Der Himmel wurde nicht richtig dunkel und man sah nur die hellsten Sterne leuchten. "Eigentlich schade, dass die Städte Nachts so hell sind." Ich fand es tatsächlich schade, denn der Sternenhimmel war eins der wenigen Dinge, die einfach schön waren. Eins der wenigen Dinge, die man stundenlang ansehen konnte, ohne je müde von diesem Anblick zu werden. Dadurch wird einem erst klar, wie unbedeutend man ist. Ein einziger Mensch ist nichts für die Welt. Eine einzige Welt, ist nichts für unser Sonnensystem. Ein einziges Sonnensystem ist nichts, für eine Galaxie. Eine Galaxie, ist nichts für das gesamte Universum.

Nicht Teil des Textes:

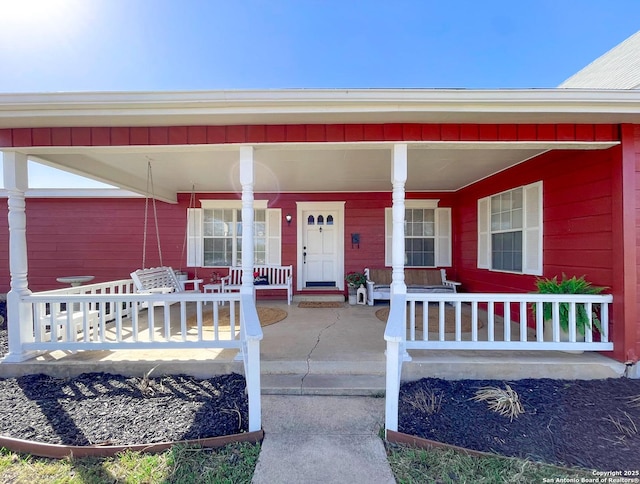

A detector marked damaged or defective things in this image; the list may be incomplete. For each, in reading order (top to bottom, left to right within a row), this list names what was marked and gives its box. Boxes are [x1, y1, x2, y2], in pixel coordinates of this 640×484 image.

crack in concrete [300, 310, 340, 394]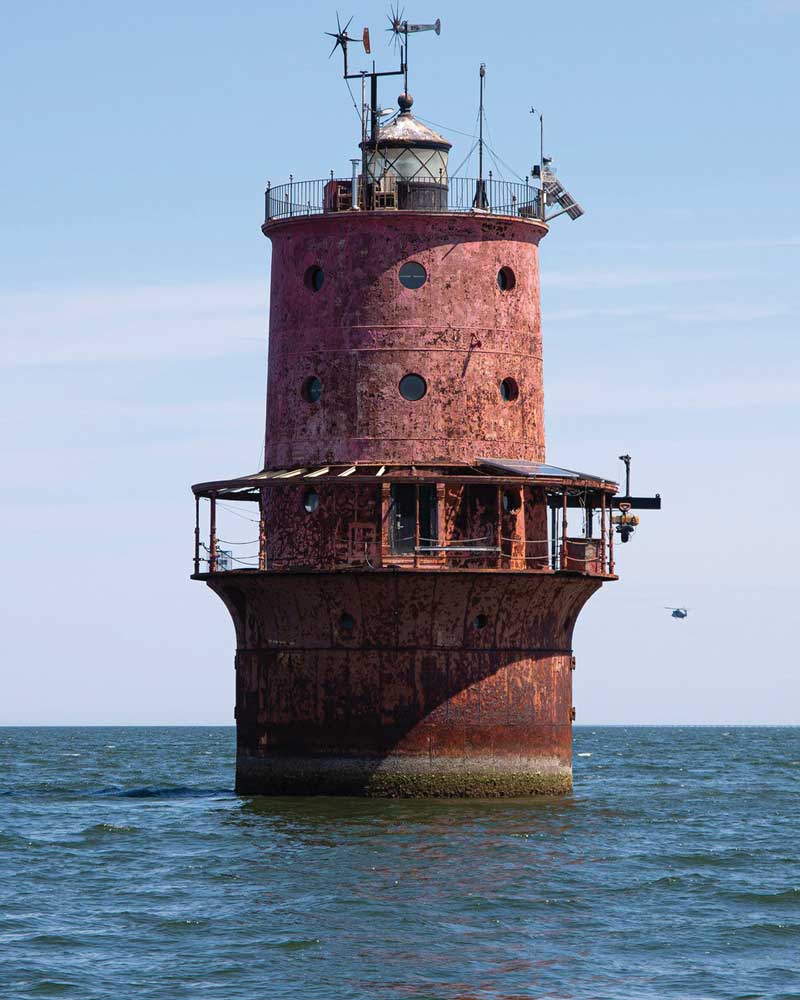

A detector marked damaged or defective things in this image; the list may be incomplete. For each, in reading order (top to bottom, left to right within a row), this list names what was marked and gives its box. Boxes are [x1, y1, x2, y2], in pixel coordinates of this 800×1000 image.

rusted metal surface [209, 572, 604, 796]
rusty lighthouse tower [191, 15, 660, 796]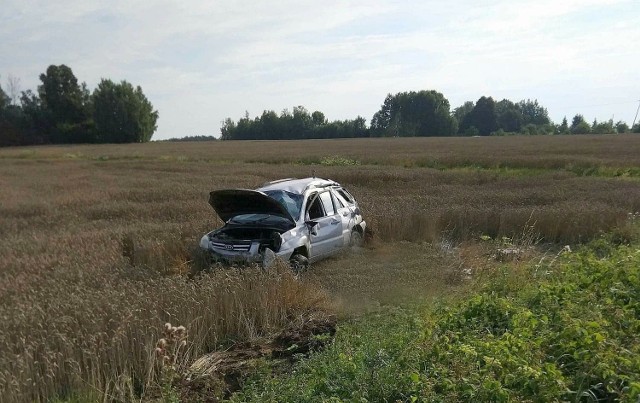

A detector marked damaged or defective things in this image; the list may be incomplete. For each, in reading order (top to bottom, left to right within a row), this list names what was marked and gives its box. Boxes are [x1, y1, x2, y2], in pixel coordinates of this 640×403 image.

crumpled hood [209, 190, 296, 224]
crashed car [198, 178, 368, 270]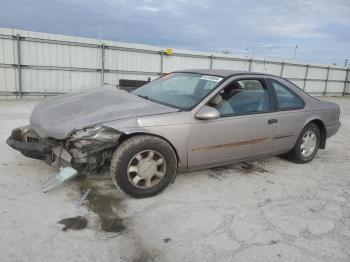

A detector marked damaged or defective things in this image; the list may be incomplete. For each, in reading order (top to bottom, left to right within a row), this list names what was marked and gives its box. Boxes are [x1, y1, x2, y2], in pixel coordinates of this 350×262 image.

detached front bumper [5, 127, 52, 162]
front end damage [5, 125, 123, 174]
crumpled hood [29, 87, 178, 139]
damaged sedan [7, 69, 342, 196]
broken plastic debris [41, 167, 78, 193]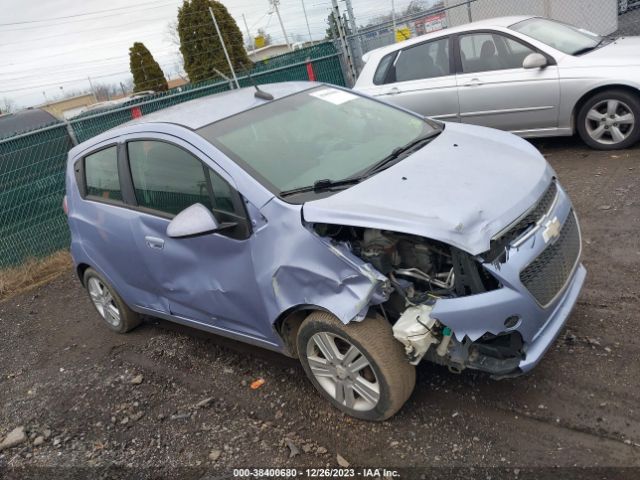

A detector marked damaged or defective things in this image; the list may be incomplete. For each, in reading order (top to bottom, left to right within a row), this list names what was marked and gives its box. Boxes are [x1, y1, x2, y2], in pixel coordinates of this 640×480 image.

damaged blue chevrolet spark [63, 82, 584, 420]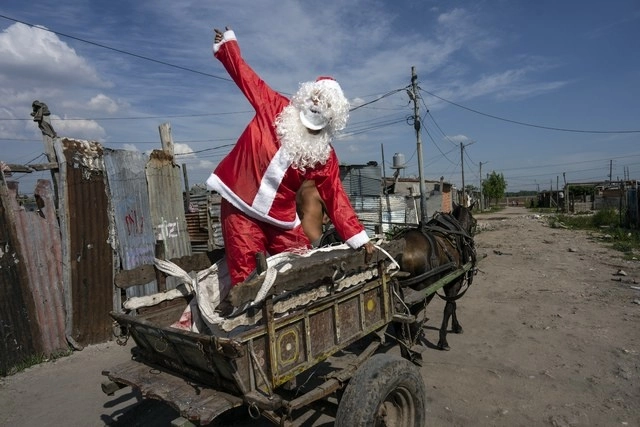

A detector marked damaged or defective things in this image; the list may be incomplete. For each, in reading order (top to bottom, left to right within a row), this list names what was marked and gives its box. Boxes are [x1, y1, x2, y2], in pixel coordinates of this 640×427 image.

rusty metal sheet [58, 140, 114, 348]
rusty metal sheet [104, 150, 158, 300]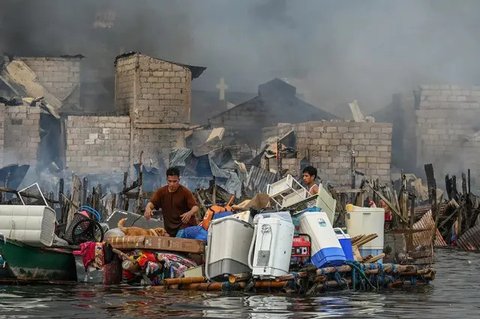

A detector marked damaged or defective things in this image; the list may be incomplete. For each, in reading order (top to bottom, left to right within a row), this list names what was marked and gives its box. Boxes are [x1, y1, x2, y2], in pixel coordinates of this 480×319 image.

damaged roof [116, 51, 208, 79]
burned building [207, 78, 338, 148]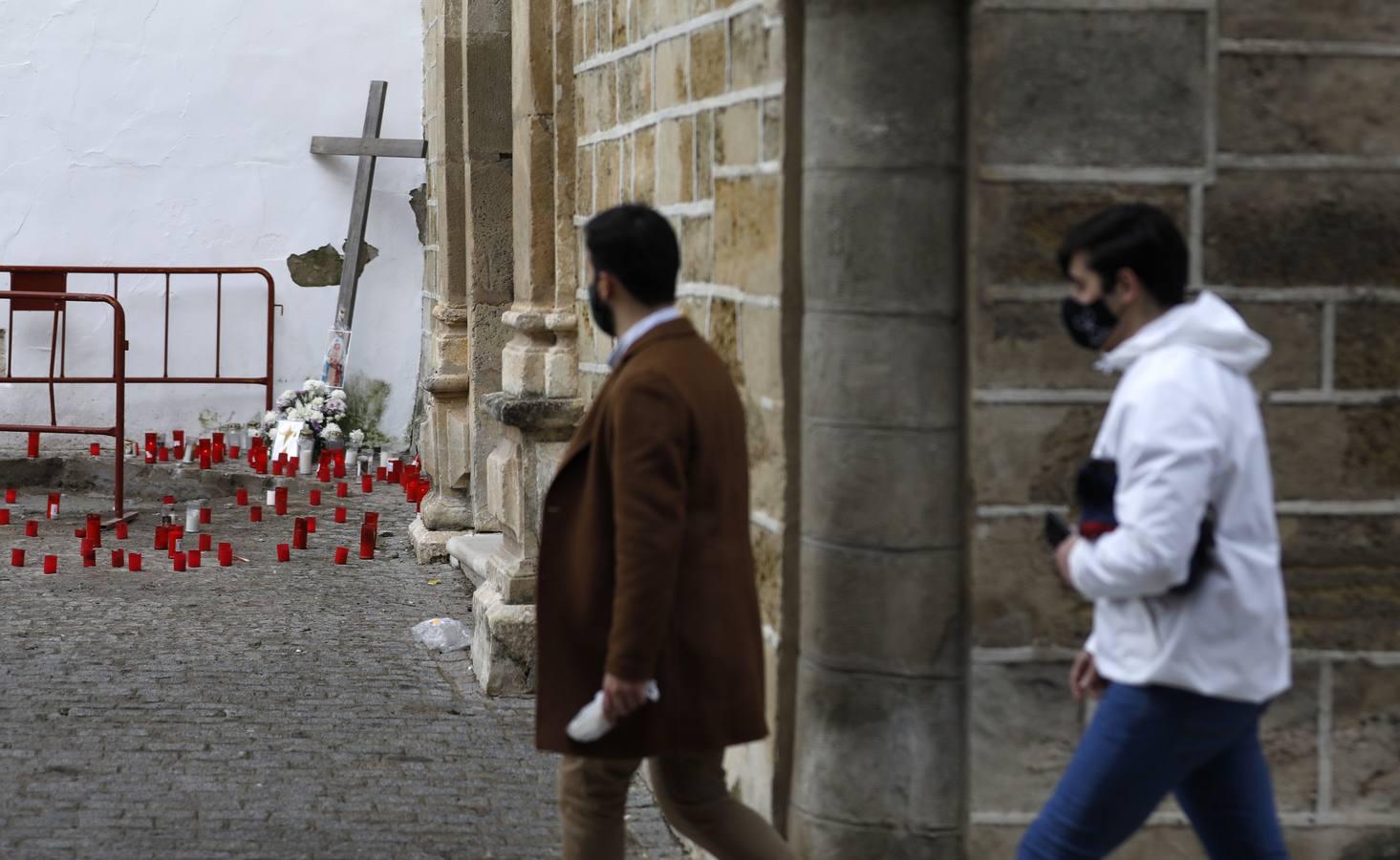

"Glaubst du, da oben schaut uns gerade jemand zu?" Tims Blick war ebenfalls in den Himmel gerichtet. "Nicht jetzt. Viele Lichtjahre entfernt sieht vielleicht gerade eine andere Spezies, wie das erste Fahrrad erfunden wird. Oder, wie die Eiszeit geade endet. Vielleicht sehen einige, die über fünfundsechzigmillionen Lichtjahre von uns entfernt sind, gerade die Dinosaurier. Wir werden es nie erfahren." Nachts waren Gespräche doch einfach viel tiefgründiger und verworrener als tagsüber. Wenn man nur über belangloses redete. Nachts waren die Gedanken, die am Tag kaum da waren klarer und intensiver. Die Gedanken waren bedachter, tiefgründiger und meistens schöner. Ja, manche waren auch traurig, aber man konnte besser darüber nachdenken und man konnte die positiven Aspekte aus den schlimmsten Dingen herausholen.

"Ich habe solche Gespräche schon ziemlich lange nicht mehr geführt.", gestand Tim und ließ sich auf dem Asphalt der Straße nieder. Ich setzte mich neben ihn. Mitten auf die Straße.

"Ich auch nicht.", antwortete ich verträumt und ließ mich langsam nach hinten fallen. Die arme verschränkte ich hinter meinem Kopf und Tim tat es mir gleich. Wir lagen gerade Mitten auf der Straße, sahen uns den Himmel an und philosophierten über diesen. Besser hätte es nicht sein können.